My good ole Fry's has the Maxtor 500gb on sale this week. Anybody installed this drive? Will be replacing my S2 DT 80hour.

http://shop2.outpost.com/product/5090665


----------



## dwit (May 5, 2004)

While just about any drive will probably work fine in the Tivo, I would just
stick to the Western Digital "JB" series drives in this price range. They have 
a reputation here of being extremely well suited for use in Tivo for their quietness. 

You can get the 500GB oem from Newegg for $105 total shipped. 3 yr warranty. Probaly less than $10 more than the total price of the Maxtor.


----------



## cajun100 (Oct 5, 2006)

Beware.

Read the Newegg reviews. This model reviewed is the retail verson of what Fry's is selling.

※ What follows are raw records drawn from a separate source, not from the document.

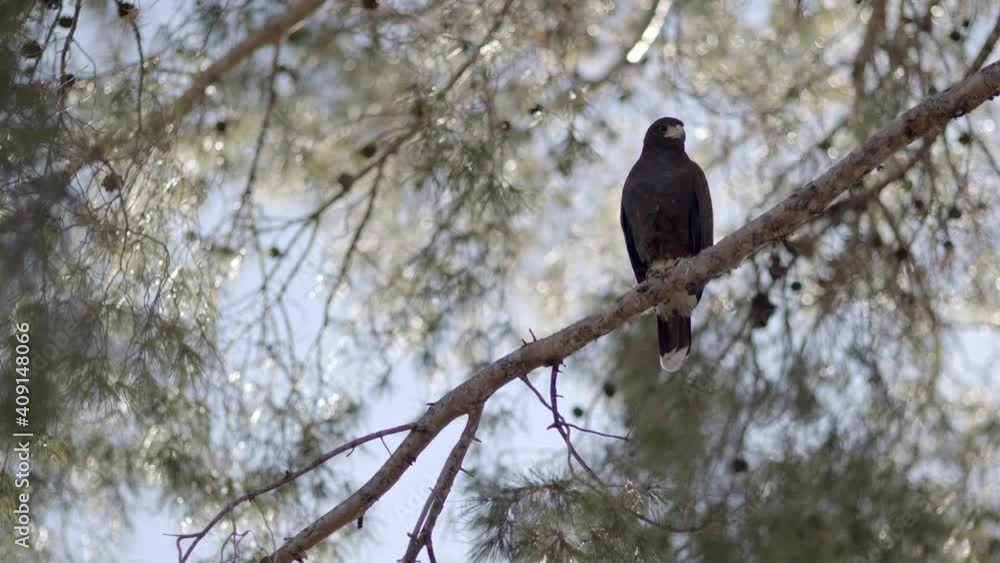 Hawk, sitting in tree, peers down at viewer and screeches, medium shot with room for copy Hawk, sitting in tree, peers down at viewer and screeches, medium shot with room for copy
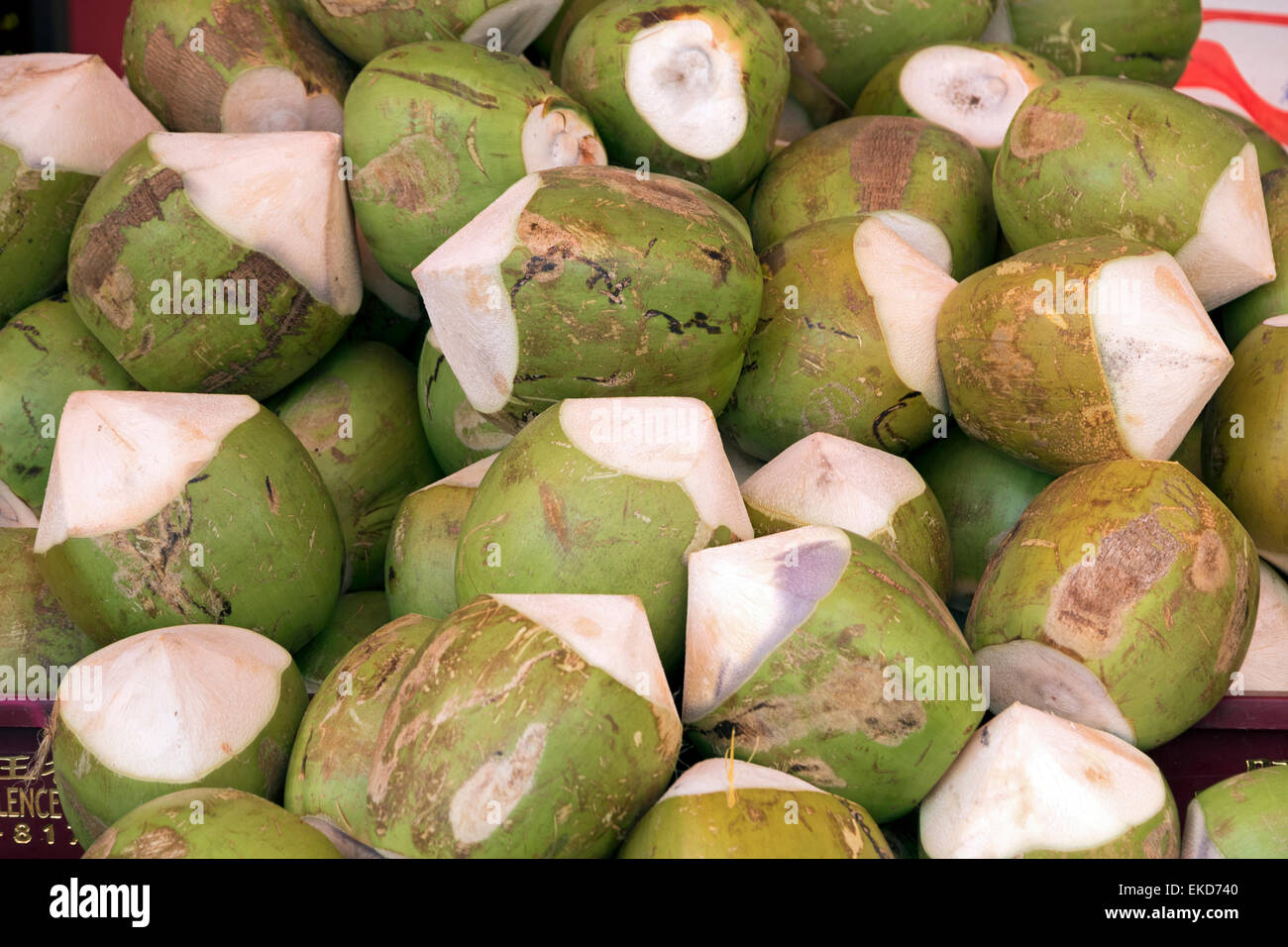 Rasate noci di cocco mature per mangiare e bere Foto Stock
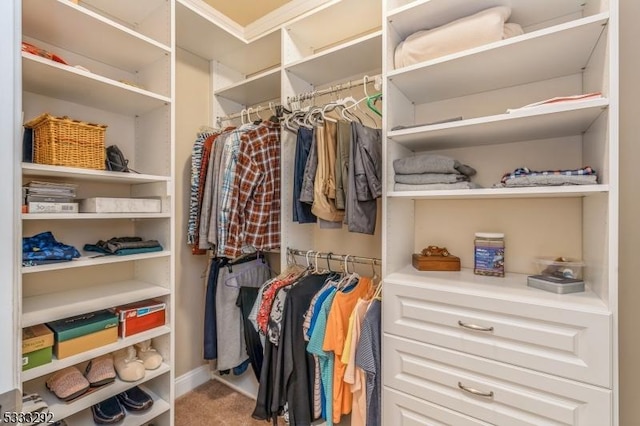 spacious closet featuring carpet floors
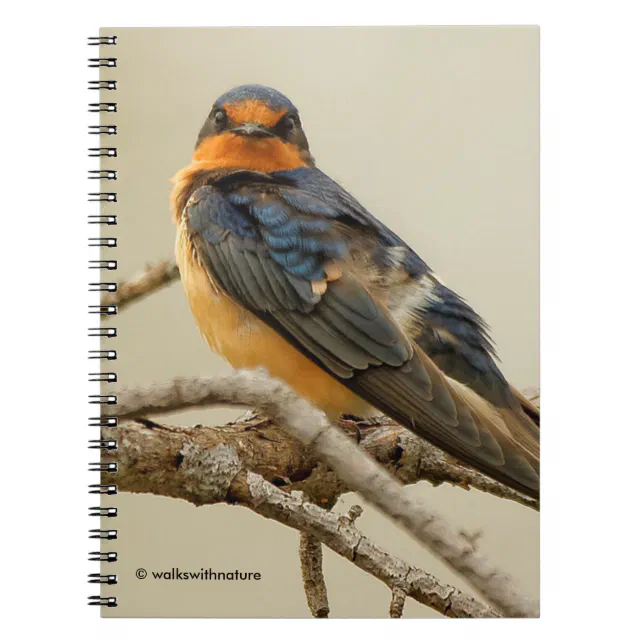 Trading Stares with a Barn Swallow Notebook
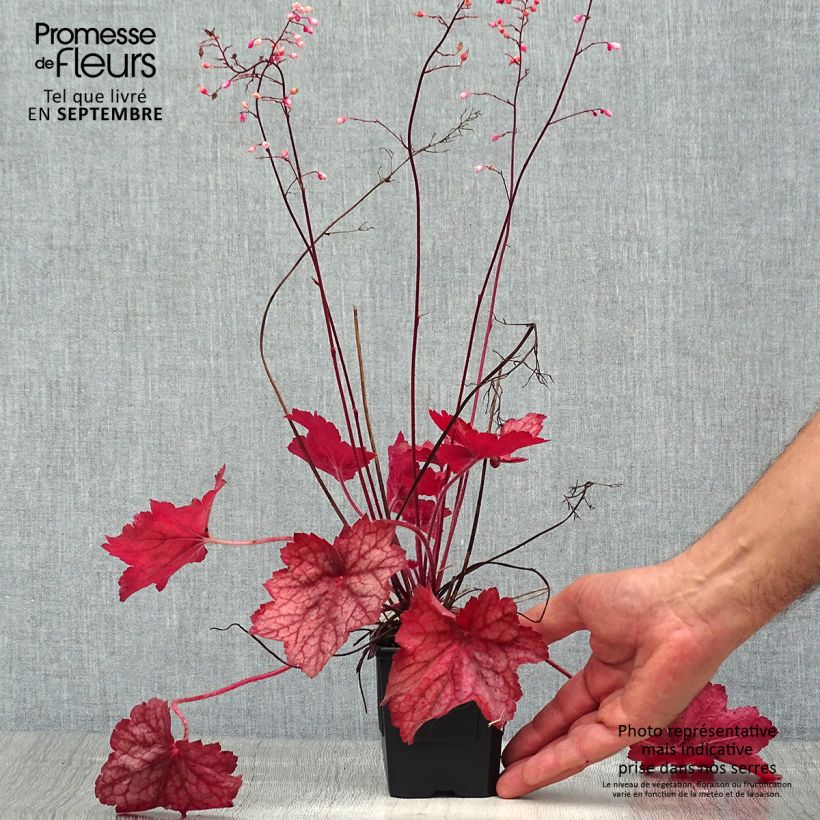 Amostra de Heuchera Georgia Peach Vaso de 8/9 cm tal como entregue no verão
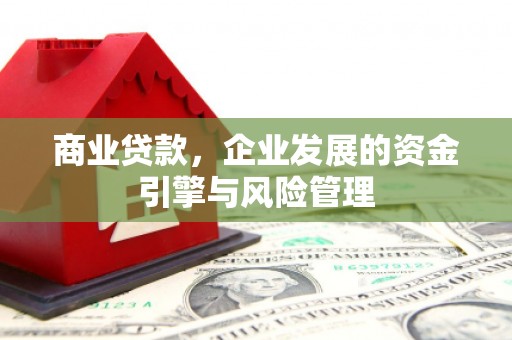 顺平商业贷款，企业发展的资金引擎与风险管理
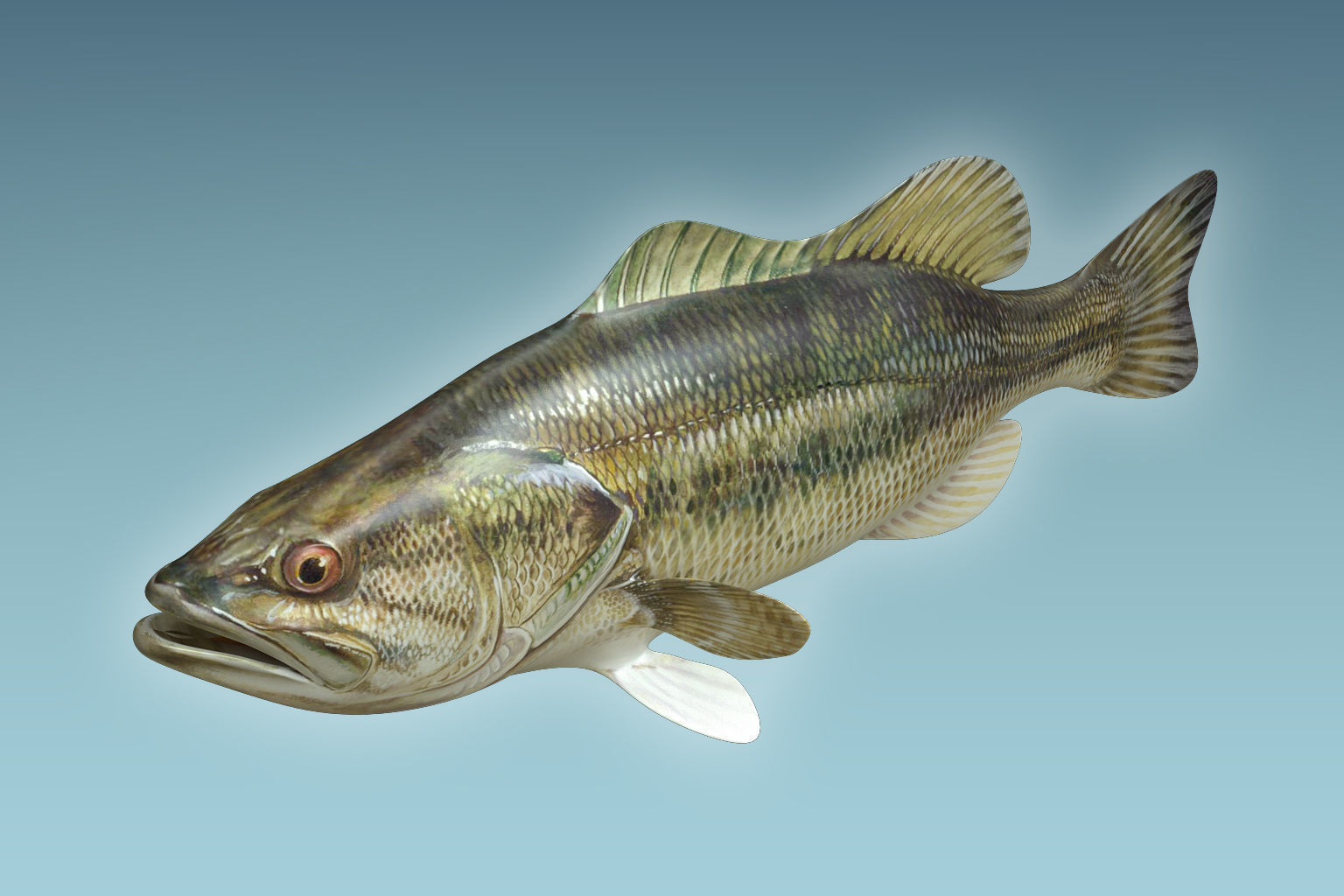 Mangrove Jack Fish 3D model_2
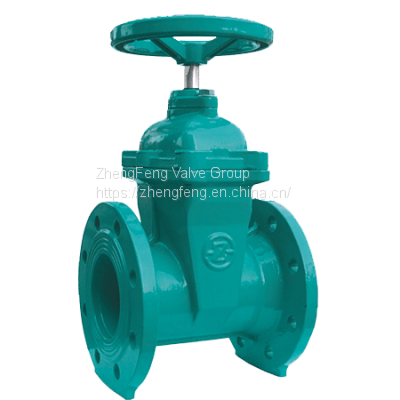 Resilient Seated Gate Valve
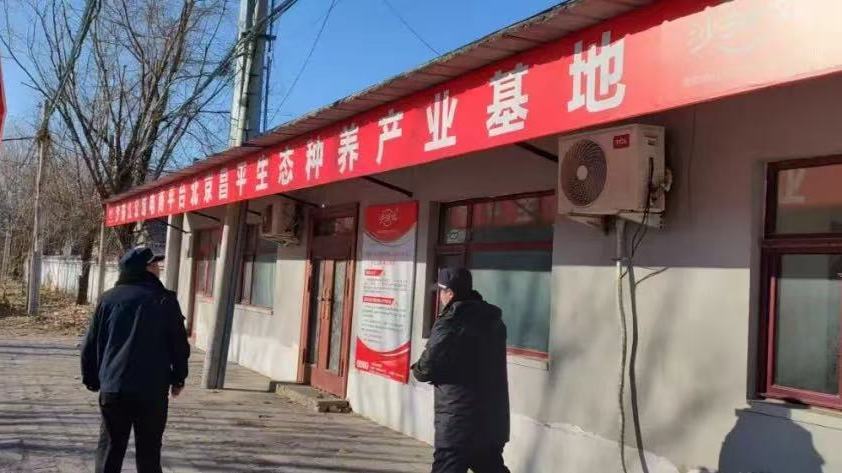 崔村镇积极应对大风天气 及时排查安全隐患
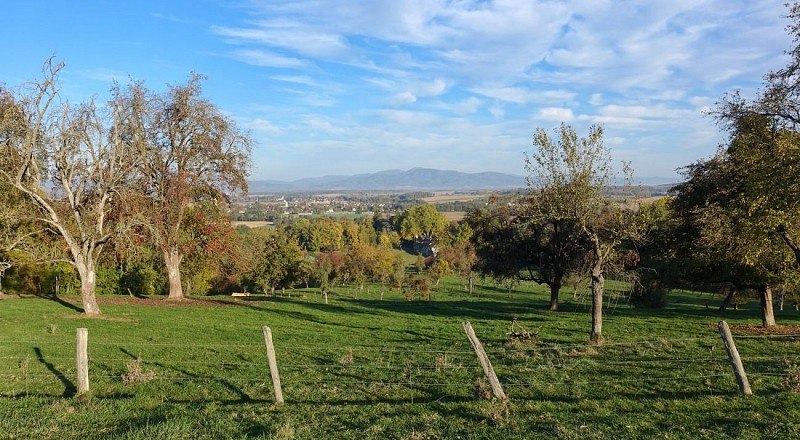 Panorama depuis le buckberg vers Heidwiller et les vosges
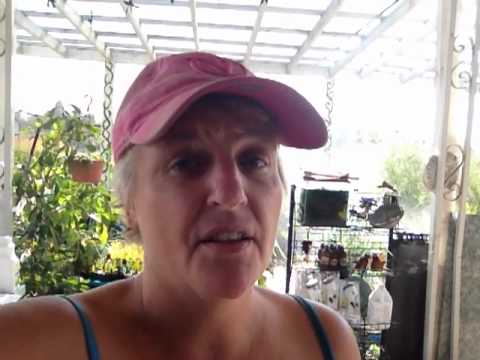 how to fertilize hyacinth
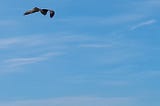 Photo of a seagull flying high in a light blue sky with wispy clouds.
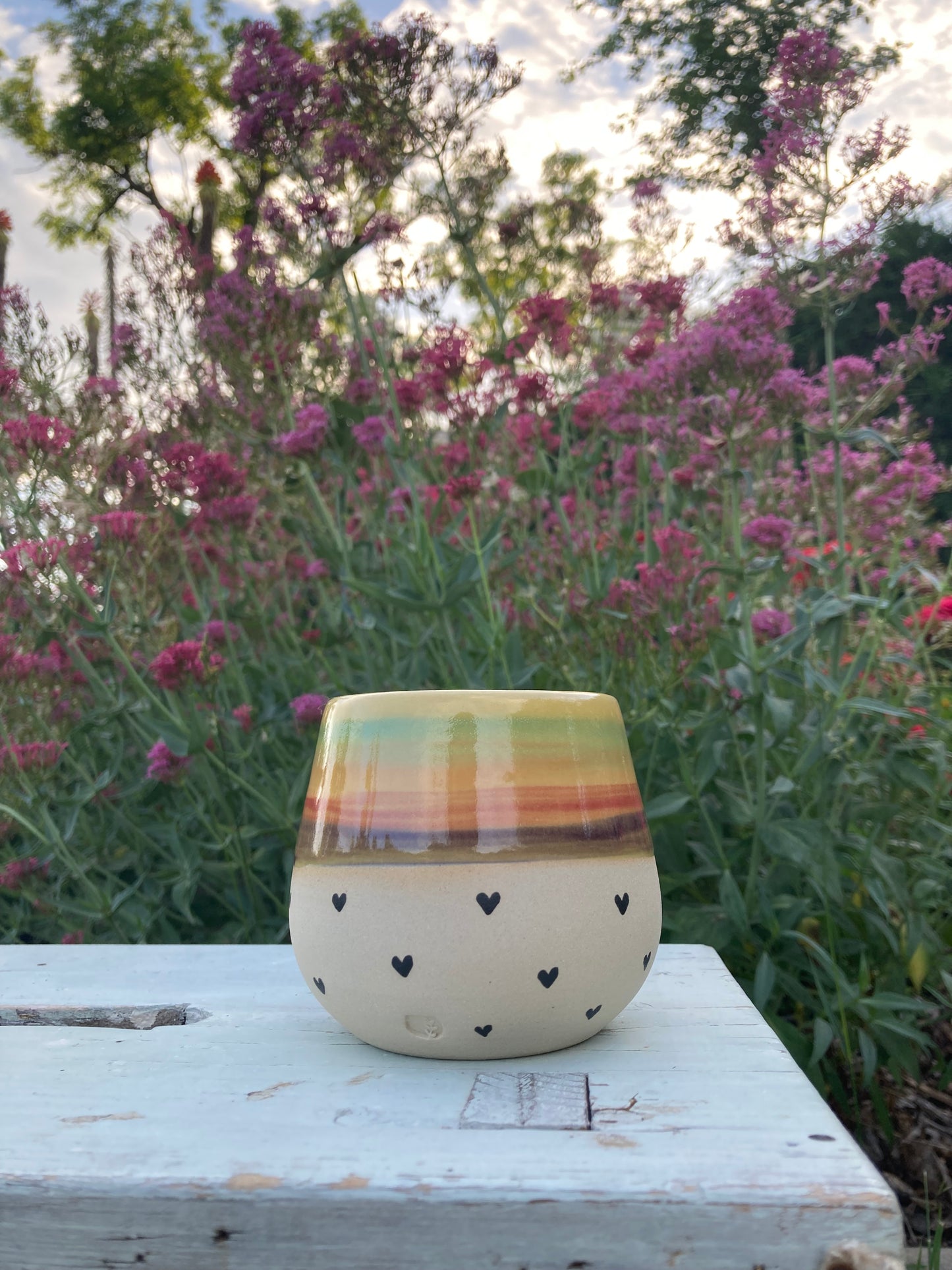 Cup Tropical Rainbow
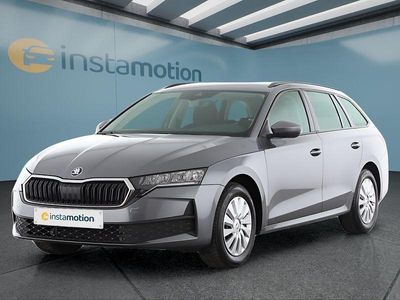 Grau Gebraucht 2025 Skoda Octavia Kombi | 24.099 € (Guter Preis)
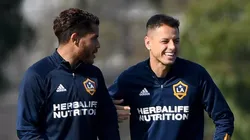 ¡Por favor! El pedido de Dos Santos a Chicharito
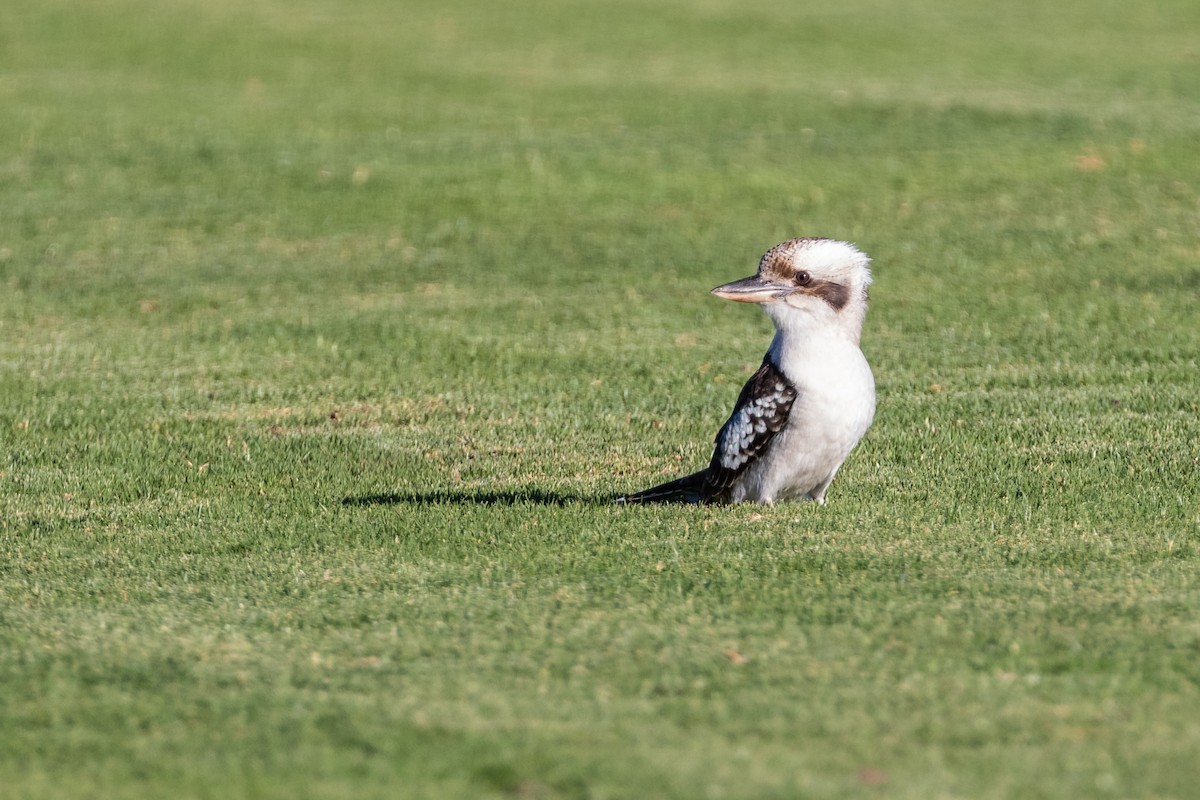 Laughing Kookaburra - ML196370271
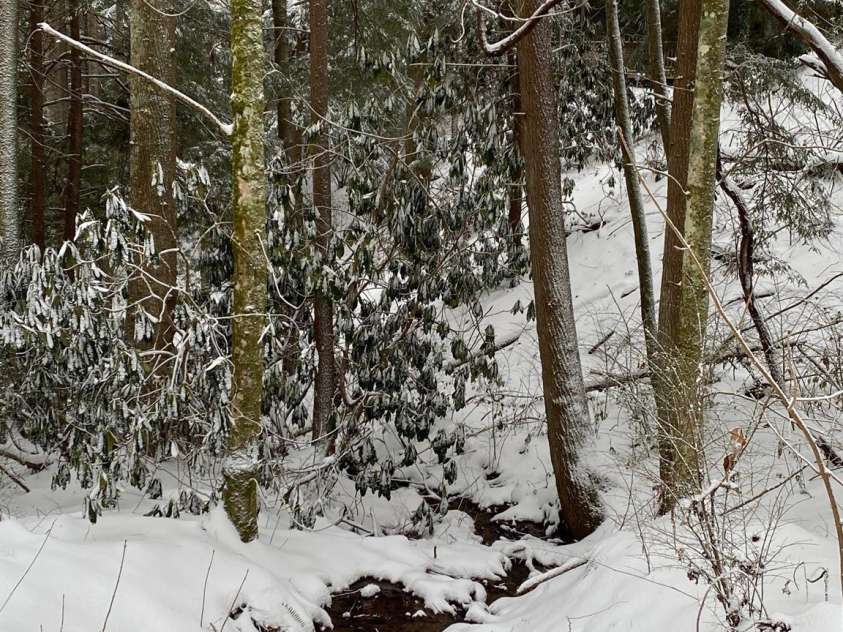14 Weeping Cherry Forest Road, Fairview, NC 28730.  MLS# CAR4356619, YatesRealty ID 17536. Fairview Forest and Weeping Cherry Forest Road is Magical blanketed in snow!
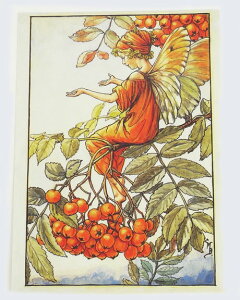 |XgJ[h}EeAbVtFA[[FLOWER FAIRY]t[tFA[bZ[WJ[h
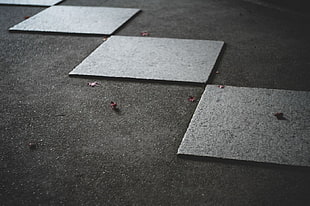 gray concrete tiles, minimalism, leaves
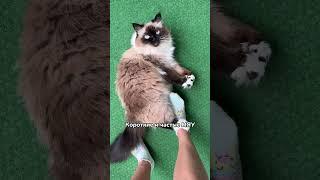 Что кошка говорит вам своим мяуканьем? #кот #котики #кошки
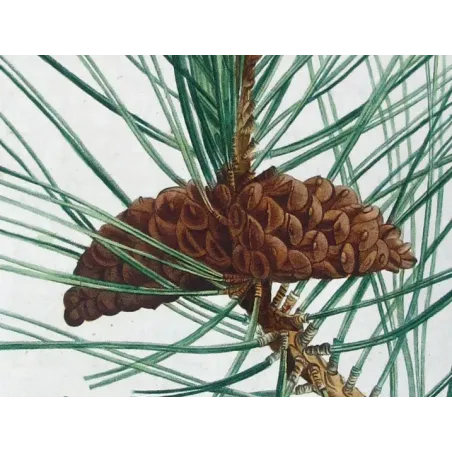 Antique Botanical Print – Pierre-Joseph Redouté – Laricio Pine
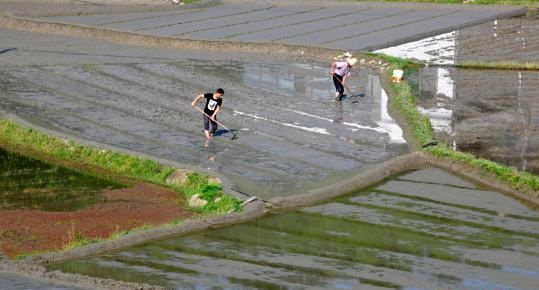 两部门：力争3到5年打造一批农耕文化实践教育基地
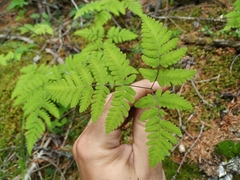Gymnocarpium jessoense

Look under "hard drives" -- brand "Maxtor". There are only 3. The 500g is the first.


----------



## rbtravis (Aug 9, 2005)

I have three of these drives two purchased from Newegg. The drives are great, quiet reliable. The only problem I had was with Neweggs poor packing. I find that ZipZoomFly and Tigerdirect do a much better job of packing. It is a good drive for the TiVo


----------



## weaknees (May 11, 2001)

Just an FYI, the Maxtor drives that are being sold new these days are really Seagate drives with Maxtor labels - generally a good thing, but it may mean you can't quiet them.


----------



## scopus (Mar 26, 2002)

:down: I have one of these in my DSR7000 and I find it very loud, seek noise from across the room. I don't recommend it, unless you keep your equipment in a cabinet behind glass where it won't be heard.


----------



## flatcurve (Sep 27, 2007)

Do these drives work with AAM? I know seagates don't, but I don't know if they're not supporting it on the Maxtors either.


----------



## rbtravis (Aug 9, 2005)

No,they are Seagate now and not supported.


----------



## ciper (Nov 4, 2004)

There are rumors that a tool exists to adjust AAM on newer seagate drives. I think last I read about it was in the series three forum but at the moment I dont remember the thread name.


----------